In 1964 Shearn Moody, Jr., the debtor, bought 575 acres of property on Galveston Island, Texas. Moody's ranch house on the property is known as 2601 8-Mile Road. In the early 1970s Moody began having financial trouble, and mortgaged the property to his family in order to obtain a family loan. In 1972, Empire Life Insurance Company, owned by Moody, and others filed a securities fraud suit against Moody. From 1972 through 1983, Moody then engaged in numerous complicated real estate transactions in an effort to hide his assets from his creditors.
In January 1973 the Shearn Moody Holding Corporation ("SMHC") was founded with Moody as its sole stockholder and president. SMHC's assets primarily consisted of the assets remaining after Empire Life was dissolved. Among the assets transferred to SMHC after Empire's dissolution were three-fifths of one-eighth life estate interest in the Libby Shearn Moody Trust ("Trust 57"). On August 1, 1973, Moody repaid the balance of his note to his family by borrowing money from National Western Life Insurance Company ("NWLIC"), which was owned by his brother. On that date Moody signed a promissory note in favor of NWLIC in the amount of $923,713.75. In order to secure the loan from NWLIC, Moody mortgaged to NWLIC 565 acres of the Galveston Island property by a deed of trust, keeping 10 acres. SMHC guaranteed the mortgage, and to further secure the loan from NWLIC to Moody, SMHC collaterally assigned to NWLIC a life insurance policy on Moody's life, a debenture, and one-fifth of one-eighth life estate interest in Trust 57 pursuant to an Agreement and Assignment also dated August 1, 1973.
On December 30, 1976, Empire obtained a multimillion dollar jury verdict in district court. Soon after, on January 24, 1977, Moody conveyed the 565-acre tract to SMHC by an assumption deed. The recited consideration for this 1977 conveyance was the cancellation of all debts owed by Moody to SMHC and SMHC's payment of all amounts remaining due on the promissory note signed by Moody in favor of NWLIC. On September 7, 1977, SMHC mortgaged the 565 acres for a $6 million line of credit. No funds were ever advanced, but the mortgage technically still remains in place.
On January 4, 1979, Moody designated as his homestead 199.56 acres of the original 575-acre tract of land. On May 29, 1979, Empire received final judgment of $6,319,000 in its securities suit and attempted to execute on the judgment.

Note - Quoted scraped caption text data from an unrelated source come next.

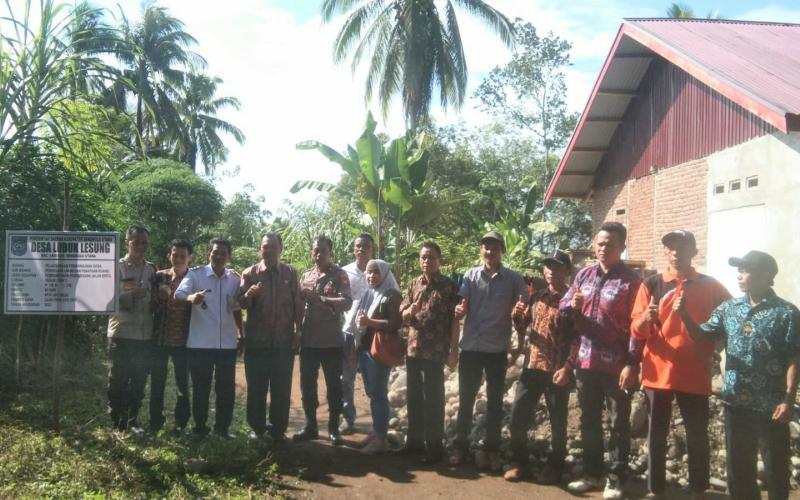 Awasi Dana Desa, Kapolsek Lais Hadiri Penetapan Titik Nol Pembangunan Desa Lubuk Lesung
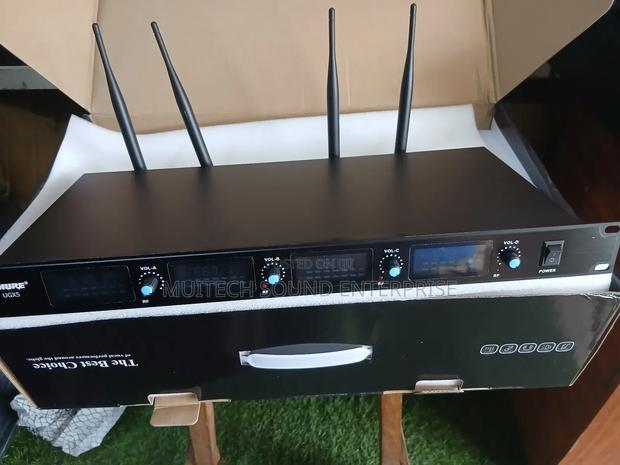 Shure Wireless Microphone (Ugx5 4 in 1) · Photo 4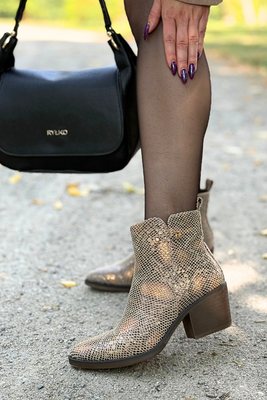 Złote botki z ekoskóry z motywem skóry węża na obcasie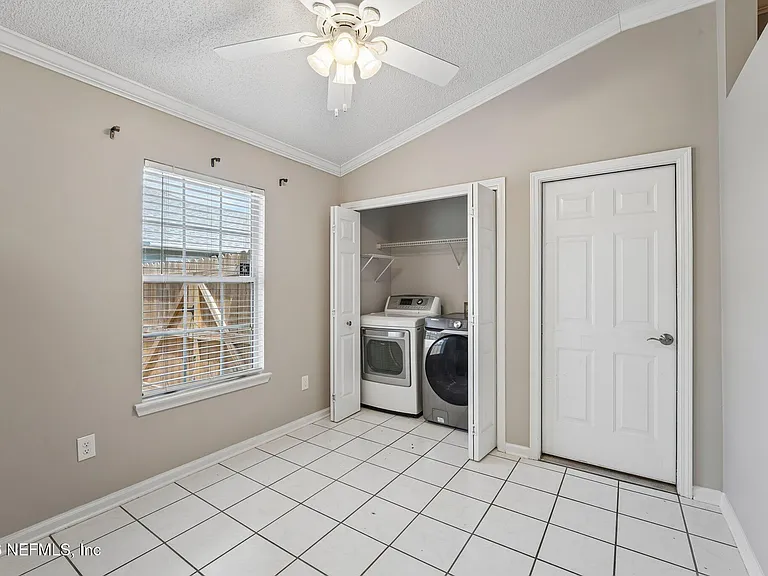 1219 Stern Way — Photo 29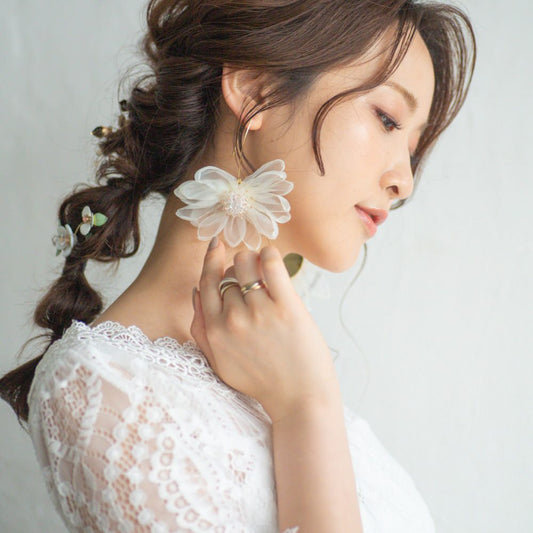【ピアス】ブライダルピアス フラワーレース ビーズ ホワイト r14 【結婚式 ピアス イヤリング】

On June 27 Moody again executed a Designation of Homestead, this time covering 100 acres of the original 575-acre tract, and stating that it was to be effective only if the previous homestead designation were found ineffective. The same 100-acre tract had been included in the January 1979 designation. In early 1980, Moody attempted to encumber the 10-acre tract excepted from the NWLIC mortgage by granting one Mr. Stoker an undivided one-half interest in the tract, and a life estate in the remaining undivided one-half interest.

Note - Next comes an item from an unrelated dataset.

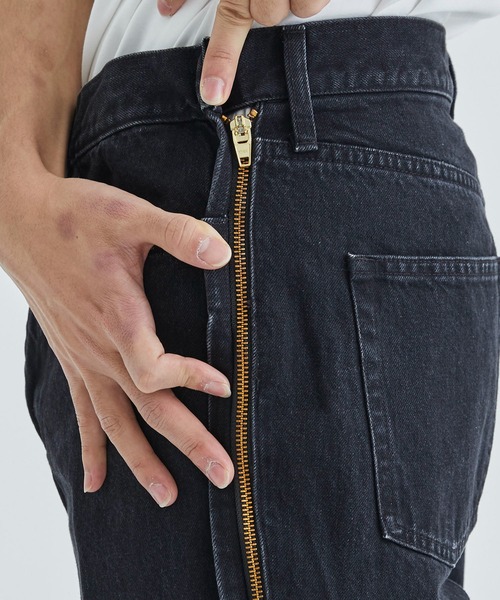 TOGA VIRILIS(トーガ ビリリース)の「Denim pants 2(デニムパンツ・メンズ・ネイビー/ブラック・46/48)」の11枚目の写真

On March 18, 1982, Moody reconveyed 475 acres to SMHC, excluding the 100 acres designated as homestead on June 27, 1979. This 100 acres included the 10-acre tract reserved in 1977. On March 7, 1983, SMHC conveyed 200 acres to Moody, including most, but not all, of the property described in Moody's original homestead designation. No consideration was paid for the 1982 or 1983 transactions. On March 25, 1983, Moody again designated 200 acres as his homestead, the same 200 acres conveyed by SMHC in March 1983. On the same day, Moody executed a warranty deed on the 200 acres to Shearn Moody, Jr., as Trustee of 2601 8-Mile Road, Galveston, which was recorded on March 29, 1983.

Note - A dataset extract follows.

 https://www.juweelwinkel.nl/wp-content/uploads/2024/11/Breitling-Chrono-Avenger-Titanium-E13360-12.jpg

On April 1, 1983, Moody executed a warranty deed conveying to Shearn Moody, Jr., Trustee of 2601 8-Mile Road, Galveston, all oil, gas, or other minerals, or any mineral estate that Moody then owned or might own in Galveston County. Subsequently, on May 13, 1983, Moody executed another warranty deed, conveying all his mineral rights on the 200-acre tract of land designated as his homestead to Shearn Moody, Jr., Trustee.
On June 6, Moody declared Chapter 13 bankruptcy in Texas. The proceeding was dismissed, and in November 1983, Moody filed another Chapter 13 case in North Carolina. This case was converted to Chapter 11, and through change of venue, was sent to Texas. Empire Life and Smith as trustee brought suit against Moody in an effort to recover the 200 or 100 acres designated as Moody's homestead. The district court concluded that under 11 U.S.C. Sec. 101(48), the 200-acre conveyance by SMHC to Moody in March 1983 constituted a "transfer," and under sections 548(a)(1) and (2) of the Bankruptcy Code, the transfer constituted a fraudulent conveyance subject to avoidance. The district court concluded, however, that under Texas homestead law, sanctioned by section 522(b)(2) of the Bankruptcy Code, a homestead designation could immunize the debtor regardless of the debtor's fraudulent intent in the transaction.
Immediately after deciding this case, the district court conducted a separate trial on the issue of whether Moody's 200- and 100-acre designation of homestead was proper under Texas law. The district court found that there was no allegation that Moody had originally obtained his property fraudulently in 1964. The court further found that Moody had not abandoned his homestead rights by subsequent transactions. The conveyance from Moody to SMHC of the 565-acre tract of land by assumption deed in 1977 was void for lack of consideration because SMHC had collateralized and guaranteed the NWLIC mortgage years before. Therefore, the entire 575-acre property remained in Moody's ownership and possession following that purported conveyance. The district court found Moody's 1982 conveyance of 475 acres to SMHC and SMHC's conveyance back of 200 acres in 1983 similarly void, as obvious sham conveyances without consideration, intended to hide Moody's assets from his creditors. The district court held that because at all times Moody intended to keep his property as his homestead, he is entitled to his homestead exemption as a matter of right under Texas law. The court then concluded that under the Texas Property Code, as a single person claiming a rural homestead exemption, Moody could designate no more than 100 acres as a homestead site.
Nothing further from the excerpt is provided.